Beide im anschliessenden Interview, ausnahmsweise steht der Verlierer rechts – wobei auch Grischuk mit seinem Turnier insgesamt durchaus zufrieden war.
Wie geht es weiter? Was die GP-Serie betrifft, Mitte Juli im lettischen Jurmala. Da ist das angedeutete Duell Mamedyarov-Giri möglich, nach derzeitigem Stand aber nur im Finale (Aronian, der auch Nachholbedarf hat, hat vielleicht etwas dagegen).

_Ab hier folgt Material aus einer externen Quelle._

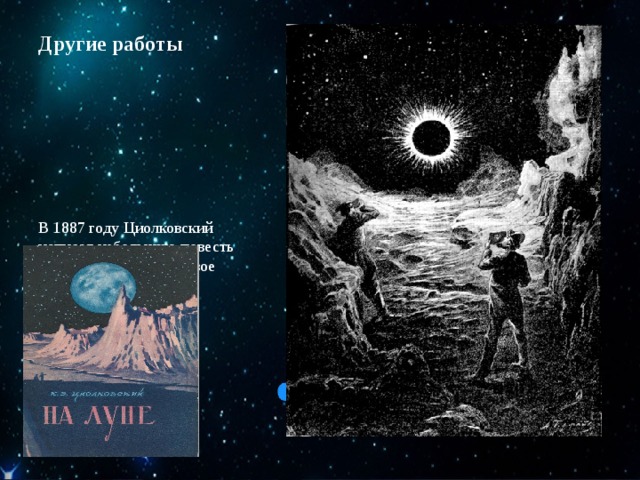 Другие работы В 1887 году Циолковский написал небольшую повесть «На Луне» — своё первое научно-фантастическое произведение. 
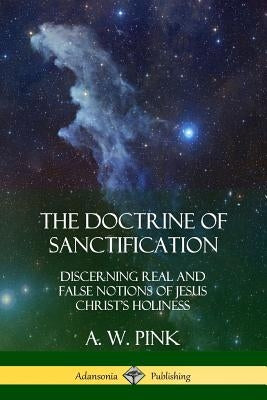 The Doctrine of Sanctification: Discerning real and false notions of Jesus Christ's Holiness by Pink, A. W.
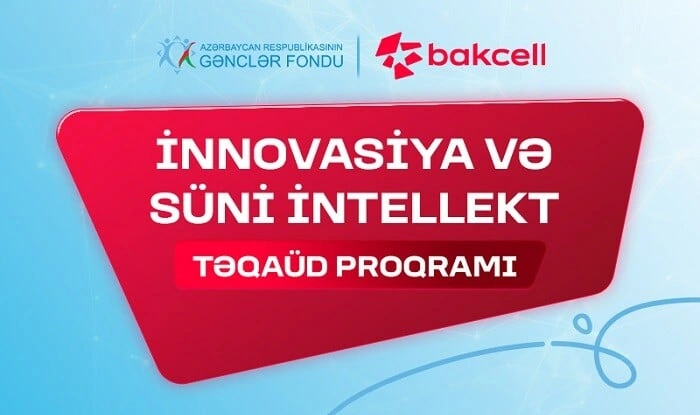 "⁠İnnovasiya və Süni İntellekt" üzrə təqaüd proqramı: Qeydiyyat...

Wenn GP-Punkte das Mass aller Dinge sind, ist Hamburg im November stärker besetzt – nicht obwohl sondern weil dann Giri, Mamedyarov, Aronian und Karjakin pausieren. Von den Spielern, die in Moskau punkten konnten, fehlt nur Wesley So. Zum Abschluss der Serie können die Spieler sich in Tel Aviv (10.-24. Dezember) selbst zu Weihnachten beschenken, oder Weihnachtsgeschenke vergeben.